Hi JO, this was activated in relation to your blog:

Updated: Jul 26, 2018


This JO Steenkamp blog entry explains epigenetics in a way I would find only with difficulty elsewhere, if at all. I am interested in the subject, but it is very new science and not too many people can speak with authority on it. The explanation given in the blog came to me, through a trusted source, and it seems I could relate to it.

This happened within the next 48 hours:

I have had a sore throat from reflux for a year now. The doctor said initially that there is no cure for the sore esophagus, it can only heal when the reflux stop, which might need surgical intervention. For a year, I lived with the situation. Three weeks ago I started a strict diet without coffee, alcohol, salt, sugar and fat, and I am following it diligently since then. I have lost weight, but my health situation has not improved. Yesterday I finally took the courage to see a gastroenterologist. He did not look at me or discuss my health concern, but recommended a gastroscopy. I understand the logic of having all data about my esophagus and my stomach before making a diagnosis, but at the same time, I felt that the procedure would only produce data already known: my stomach is producing too much acid, therefore I have silent reflux, which gives me a sore esophagus, which is a bad situation which should not be allowed to continue. Still, surgery on my stomach valve to stop reflux sounded all wrong to my system.

At night, I read up on stomach acid. It is produced by the vegetative system from different hormones in order to break up peptides, fats. I couldn’t understand why my system would produce so much acid, when I am not eating fatty foods, and having been following a generally healthy diet for decades. Why would my body not understand that all that acid is not needed? Isn’t this the advice we get from doctors: change your eating habit, and your health will improve. A thought process entered my mind as I was contemplating acid and peptides: I am stock from a family in which every generation had to physically work hard only to eat and to survive.
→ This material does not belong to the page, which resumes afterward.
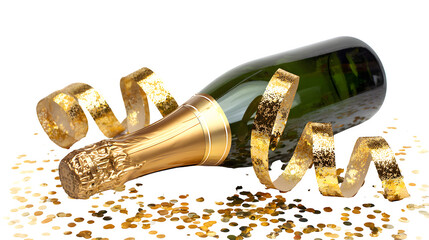 Champagne bottle and glasses on white background celebration drink © wajid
I am the first in all the generations before me who makes a living only from brain work. All the generations which fed into my DNA ate lard, and butter, and intestines in order to survive, to keep warm, and to gather enough strength to get through a day of hard physical labour. The cultural change happened only during my father’s lifetime. He would still eat bread with butter dished up thicker than the slice of bread it was placed on. He got scolded by all watching him for his unhealthy eating habits. I silently judged my father uncouth, congratulating myself equally silently for knowing better.
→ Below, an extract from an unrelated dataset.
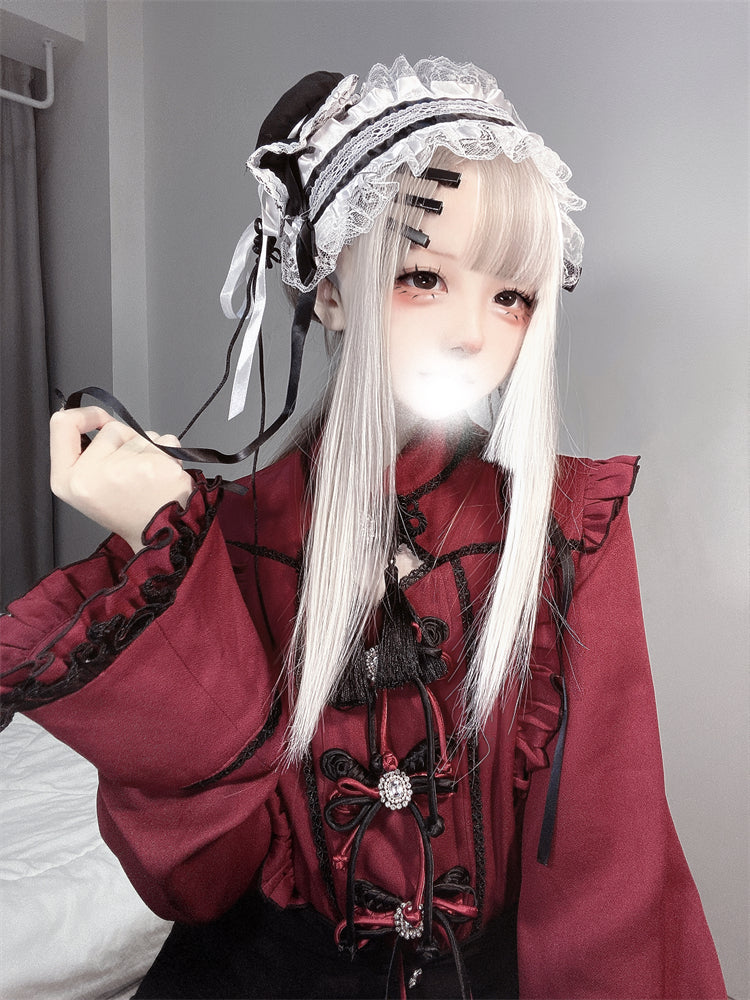 レースバックルフリルシャツ チャイナスリーブベル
But today, I had a sense of being part of, not separated by gentrification, a large number of people who’s DNA I carry forward who needed a lot of stomach acid to digest their harsh diet. For the first time, I could feel empathy for all these people I am a biological part of, while I am known to struggle with the embarrassment of my poor family background in my now fancy social environment. I seem to understand that my system has not yet unlearned to overproduce acid. I have rescheduled my gastroscopy appointment set for next week to September, because I have a feeling that things will shift now. I feel that I might be less angry at my stomach from now on, less embarrassed by it. More accepting of the generations who built me. It feels like my hormonal system will shift also, and that my stomach and my esophagus might feel different in the future. Let’s see.